DATASET EXTRACT:
*****

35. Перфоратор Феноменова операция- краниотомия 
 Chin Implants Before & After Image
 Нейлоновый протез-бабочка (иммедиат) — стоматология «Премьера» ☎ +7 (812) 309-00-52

*****

DIRECTIONS FOR THIS TASK: Please retype all of the lines above exactly as they stand.

RESULT OF THE TASK:
35. Перфоратор Феноменова операция- краниотомия 
 Chin Implants Before & After Image
 Нейлоновый протез-бабочка (иммедиат) — стоматология «Премьера» ☎ +7 (812) 309-00-52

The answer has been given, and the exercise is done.